GAN 356M vs DAYAN TENGYUN M | Which is the best Mid-Range 3x3?


----------



## GenTheThief (Apr 20, 2020)

Nice videos Gezza, and welcome to the forums. Your videos are shot pretty nicely and it was very well put together.

If I may offer a criticism, the into and opening shot lasts 40 seconds before anything is said, which is roughly 20% of the video. I think Chris Olson has a talk from a US nationals from a few years ago on how to make better videos.

I hope you enjoy your time on the forum, you might want to properly introduce yourself and be properly greeted.


----------



## NevEr_QeyX (Apr 20, 2020)

@brododragon another obviously 20 y/o man...

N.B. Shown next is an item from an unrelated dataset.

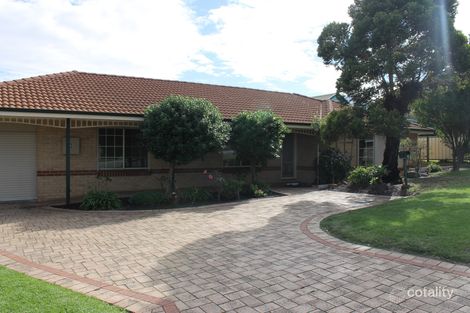 Property photo of 3 Park Road Spencer Park WA 6330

BTW these are some very good videos! I do however agree that the intro is a tad long.
Otherwise, keep doing this, it's working!
*subscriber count raises by one*


----------



## Cube Tribe (Apr 20, 2020)

That's an awesome video bro


----------



## AbsoRuud (Apr 20, 2020)

I think it's interesting that we're calling 30 dollars mid range these days. GAN what have you done!


----------



## Gezza Cubing (Apr 20, 2020)

AbsoRuud said:


> I think it's interesting that we're calling 30 dollars mid range these days. GAN what have you done!


I agree!


----------



## alexiscubing (Apr 20, 2020)

I would have to say the wuwei


----------



## WarriorCatCuber (Apr 21, 2020)

In a few years...
Today we'll be making a budget cube comparison. Both these cubes are only 80 dollars.


----------



## Username: Username: (Apr 21, 2020)

WarriorCatCuber said:


> In a few years...
> Today we'll be making a budget cube comparison. Both these cubes are only 80 dollars.


 
Well, People are getting more rich lol.


----------



## sumtingwong (Apr 21, 2020)

I think we hit a plateau on cubes prices at least for 3x3. The gan X with numerical IPG was more expensive than the XS. I feel if they keep increasing prices, less cubes would be sold. IMO I think moyu and moyu sub brands have the best quality to price ratio. Gan is good but at least 30% more expensive than moyu.


----------



## N's-cvt (Apr 22, 2020)

WarriorCatCuber said:


> In a few years...
> Today we'll be making a budget cube comparison. Both these cubes are only 80 dollars.


I think the range will definitely be bigger in the future like sure there may be 80 dollar budget/mid range cubes but then there will be like 5% magnetic DAS cubes probably from yuxin haha


----------



## MarkA64 (Apr 22, 2020)

356 M is really good for the price (it's basically a cheaper X); haven't tried the Tengyun V2 yet.

The M isn't an XS killer though. Personally I would be interested in hearing how the two stack up against the Valk Elite which is just $10 more or so.


----------



## brododragon (Apr 22, 2020)

WarriorCatCuber said:


> In a few years...
> Today we'll be making a budget cube comparison. Both these cubes are only 80 dollars.


Eh, with inflation, that's only around 10 dollars more.


Username: Username: said:


> Well, People are getting more rich lol.


Yeah that's inflation. Also, the reason people_ look_ so poor in older movies (besides the great depression and similar) is because living conditions and comforts (like TV), weren't as good. Anyway, that's what I think.


----------